All that said, I do think that the LW should go back to the suburbs long enough to get to know the "boy back home". Chicago won't go anywhere; and it seems like the boy also wants to leave the suburbs. So it would make sense to get to know the boy, and make plans to move to Chicago together. But I do think that if the LW is a "city person" and feels comfortable in Chicago, that she should live there. The pain of exile should not be taken lightly.
This is one of those situations where I think gender is really important. In general (emphasis on "in general") young men default to career and new adventures, and young women to relationships and those things that are already known to them.
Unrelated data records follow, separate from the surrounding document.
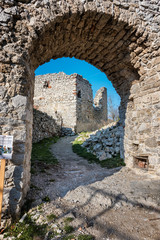 Abandoned ruins of medieval Plavecky castle in autumn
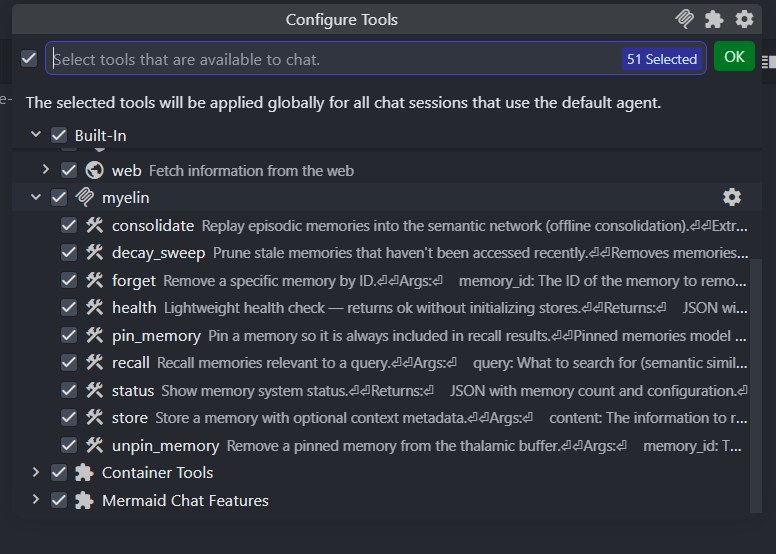 Myelin tools listed in VS Code Configure Tools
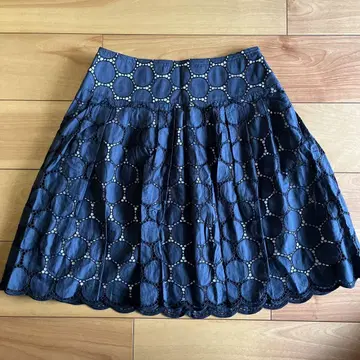 미사용 그랑 야마타카 sortie mieux 면 레이스 스커트 네이비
Stretching your comfort zone just a bit means doing the other thing.
For a 20-something woman, that means giving yourself more time to develop more self-confidence about your ability to survive in the city is something you can afford now (what Cary says about those difficulties is true), but probably would not be able to do later on, if you established a more permanent relationship with the boy back home. (If it were me, I probably would not have wanted my mother to come live with me. However, if my daughter faced a similar choice, she would likely have me come stay with her until she feel better situated.)
Also, you didn't mention exactly why he cannot drive a car, but possibly, this condition might also make greater demands upon you than is customary for someone in her 20's. Don't let taking care of the boy back home be what keeps you from learning to take care of yourself in all the very best ways that you can. It is still true, even in 2006, that a woman is more more likely than a man to give up some of her potential in order to maintain a relationship, or get married, or have a baby, instead of testing her ability to achieve something in the world.
Whether you can have it all, or have to choose what's most important, is still under debate. However, I think most people would agree that the order in which you choose things can either minimize or maximize the range of choices left to you. It would be easier to leave Chicago and return to the relationship and a suburban life if your present situation does not work out, than it would be to establish a suburban life and then try to transplant it to Chicago.
Like wheat and corn... spouses, kids, mortgages, dogs, etc. will all take what they need.